[[ GIVEN RECORDS open ]]
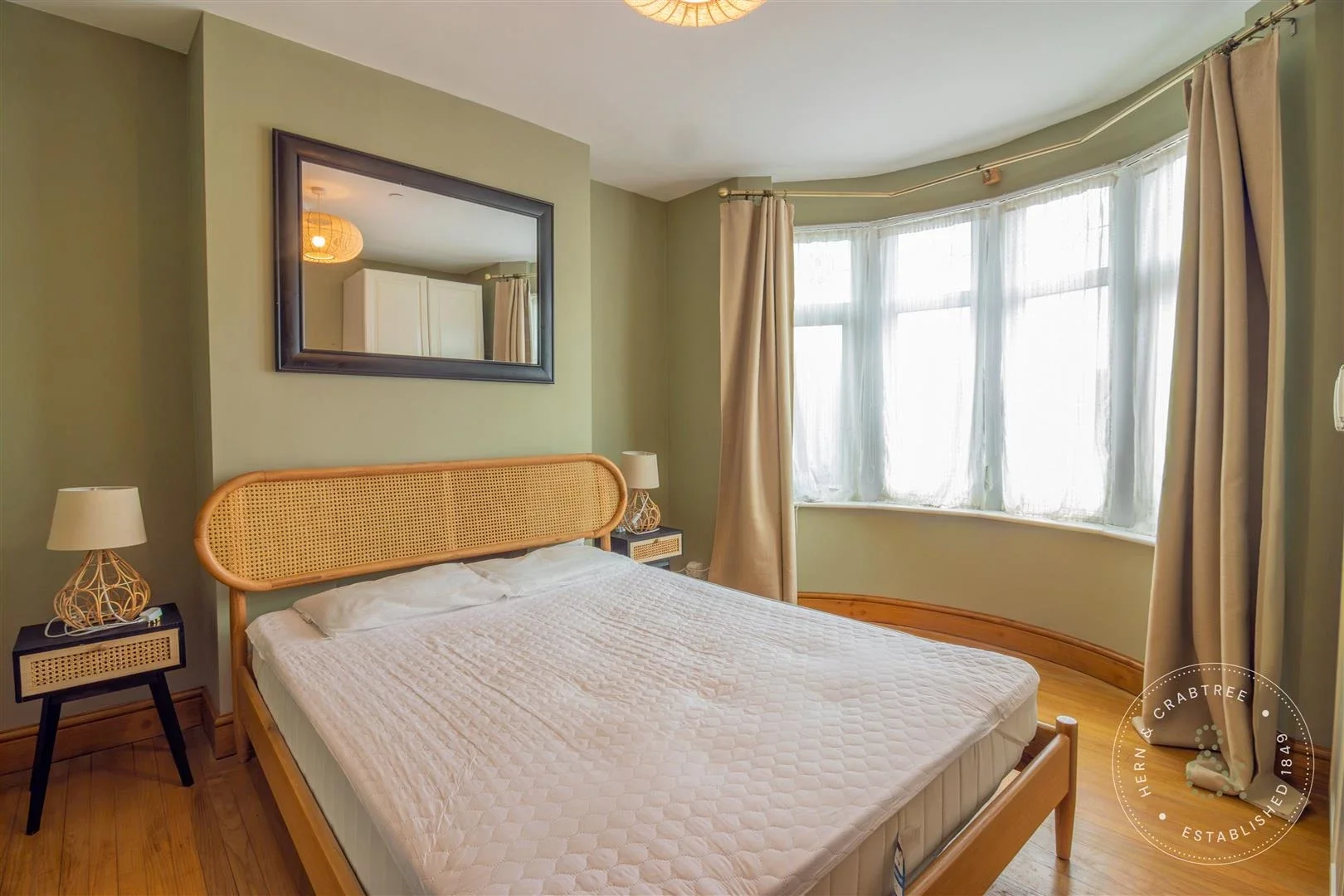 Flat Merthyr Road in Cardiff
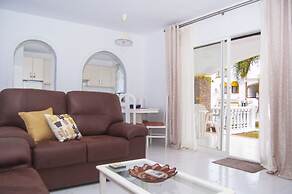 Spacious 2 Bed Apartment in Calahonda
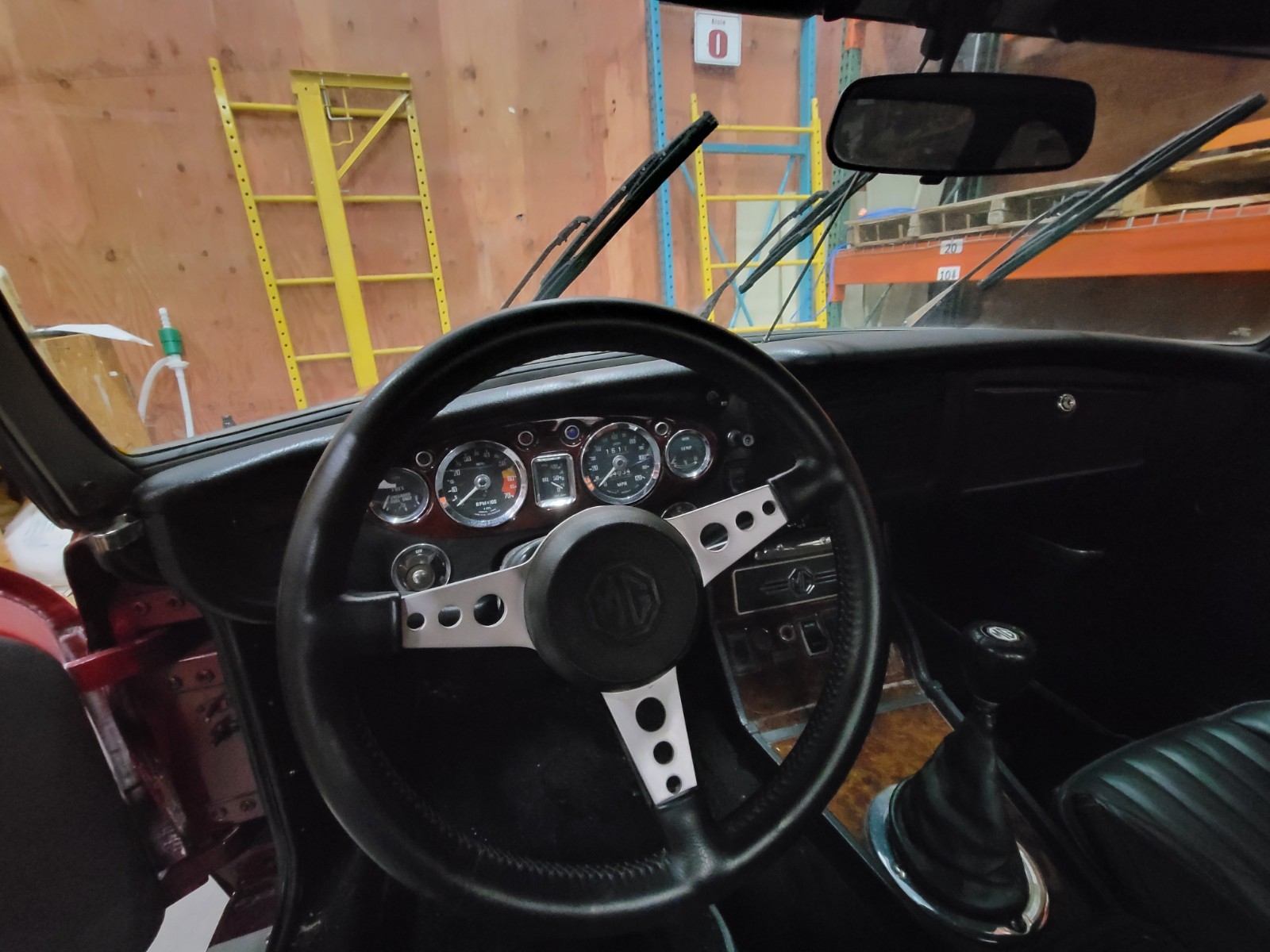 MG-MGB-1976-Convertible-2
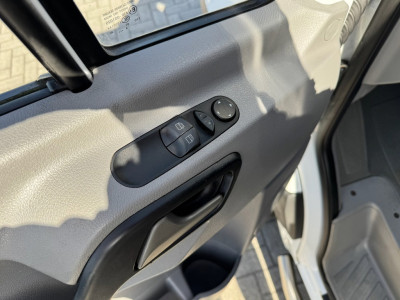 Mercedes-Benz Sprinter 310 2.2 CDI Automaat 432L HD | 4,07m laadruim | Achteruitrijcamera | Bluetooth | Bullbars 19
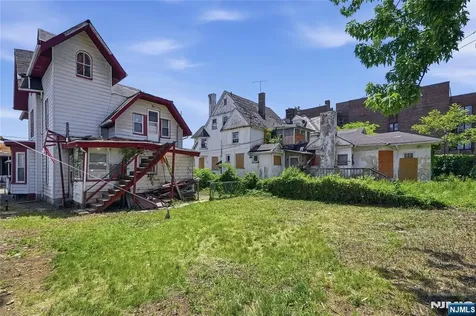 79 Cleveland Street Orange NJ 07050
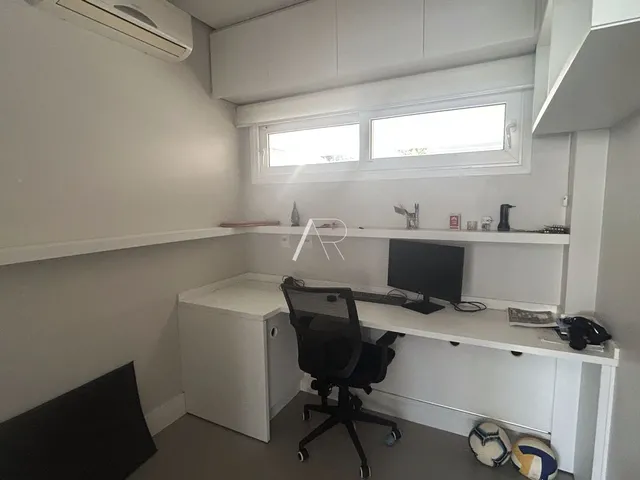 Imagem 5: Casa de Alto Padrão À Venda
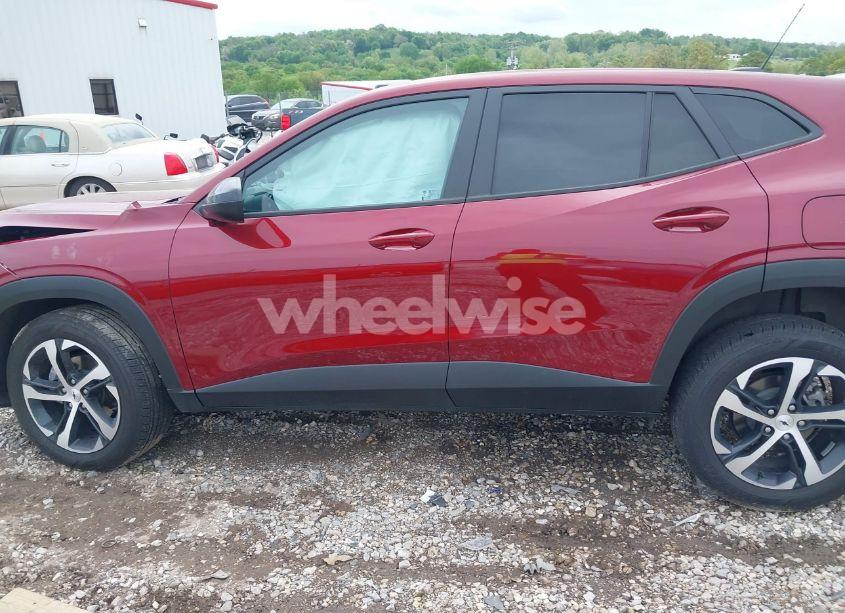 Photo 14 of 2025 Chevrolet Trax FWD 1RS (VIN KL77LGEP1SC010409)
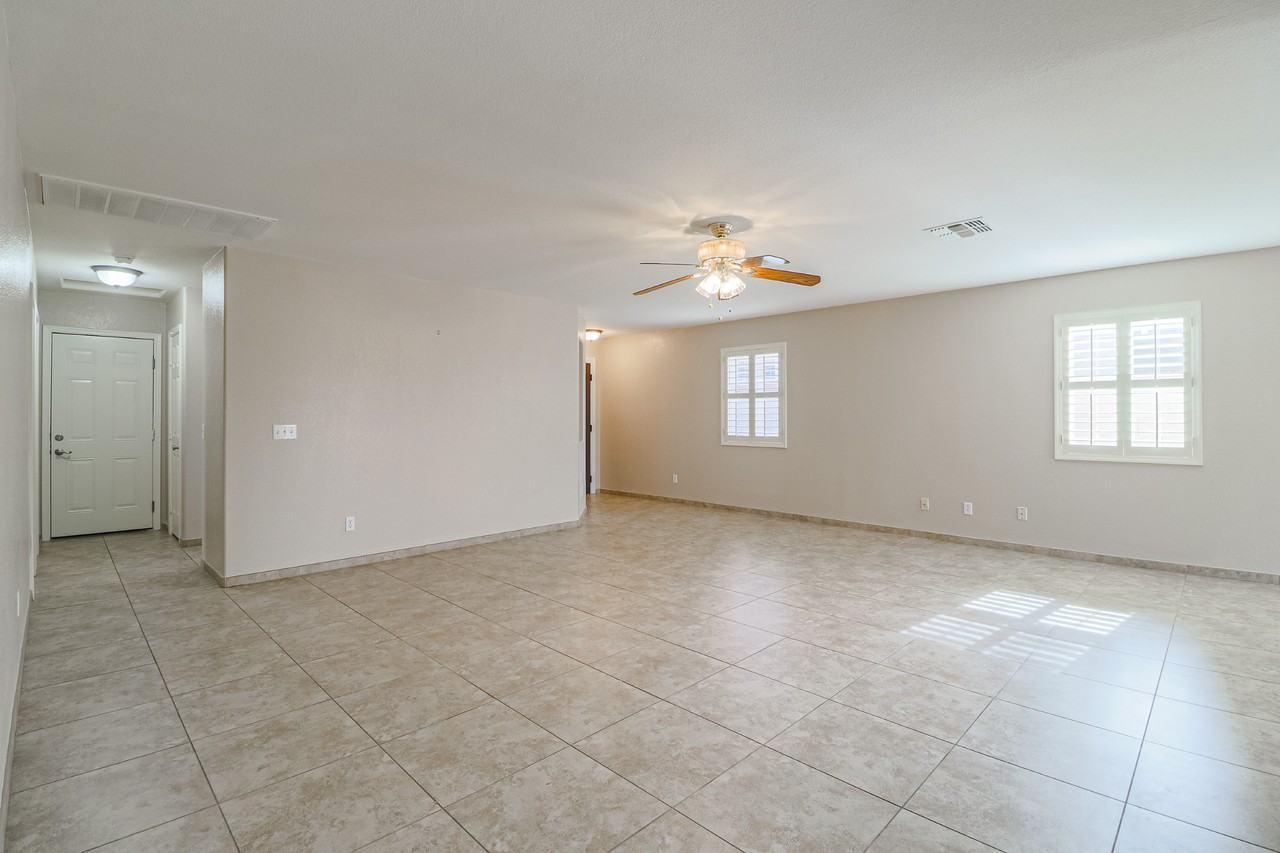 2575 N Lupita Pl - Photo 6 of 34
[[ GIVEN RECORDS closed ]]
> [REQUIRED WORK]: Would you set down the listing exactly, omitting pictures?

> [ANSWER BELOW]:
 Flat Merthyr Road in Cardiff
 Spacious 2 Bed Apartment in Calahonda
 MG-MGB-1976-Convertible-2
 Mercedes-Benz Sprinter 310 2.2 CDI Automaat 432L HD | 4,07m laadruim | Achteruitrijcamera | Bluetooth | Bullbars 19
 79 Cleveland Street Orange NJ 07050
 Imagem 5: Casa de Alto Padrão À Venda
 Photo 14 of 2025 Chevrolet Trax FWD 1RS (VIN KL77LGEP1SC010409)
 2575 N Lupita Pl - Photo 6 of 34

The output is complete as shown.